Meinyt and Skarpa nodded. A look of puzzlement crossed Khaern’s face.

“It’s a matter of strength,” Quaeryt explained. “Imaging takes great effort. If an imager tries to do too much when he’s exhausted, it can kill him. I don’t see any point in killing people when there’s not that much to be gained, especially if it means Commander Skarpa won’t have imagers when we get to Variana.”

“No one ever mentioned that,” replied Khaern.

“That’s because no one’s ever studied imaging before,” said Quaeryt.

Khaern looked more closely at Quaeryt’s greenish brown shirt. “Oh … that’s why…”

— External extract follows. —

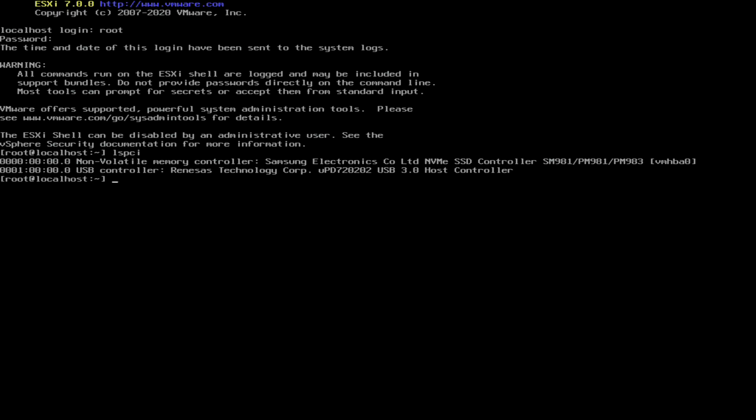You've seen three different operating systems booting on the Baikal system. All these operating systems were built for System Ready SR or System Ready ES systems. And we were able to hack this desktop firmware in a way where we can boot these unmodified operating systems and are generally useful. Thanks for watching.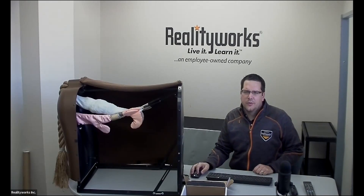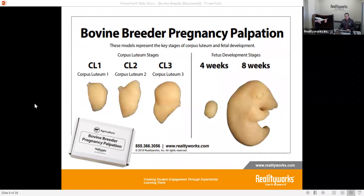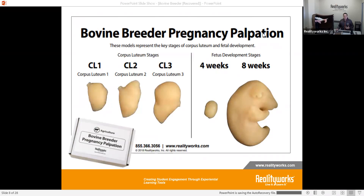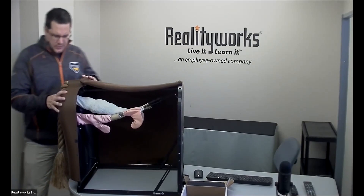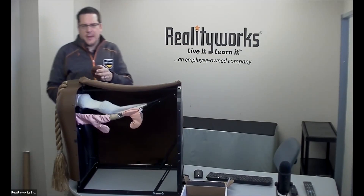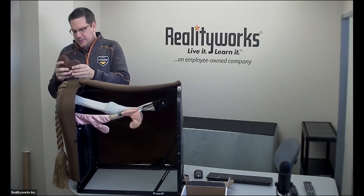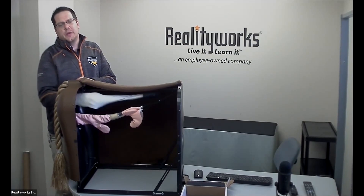Looking at the product, we've included a new part: the bovine pregnancy palpation. This product has the ability to not only focus on insemination, but also on pregnancy palpation. In the back end here, we have the ability to go inside and actually feel through. We have poop bags that provide the understanding that you have to get inside the rectum to be able to feel inside there.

“One of the reasons,” Quaeryt agreed.

“I’ll send a dispatch to the marshal, telling him that we can probably take the isle fort…” Skarpa paused. “I’d wager they’ve got another pull-away bridge on the other side.”

“We can likely do two spans,” said Quaeryt.

“I’ll let him know and see what he has in mind.”

Quaeryt doubted that Deucalon would be all that pleased, no matter what.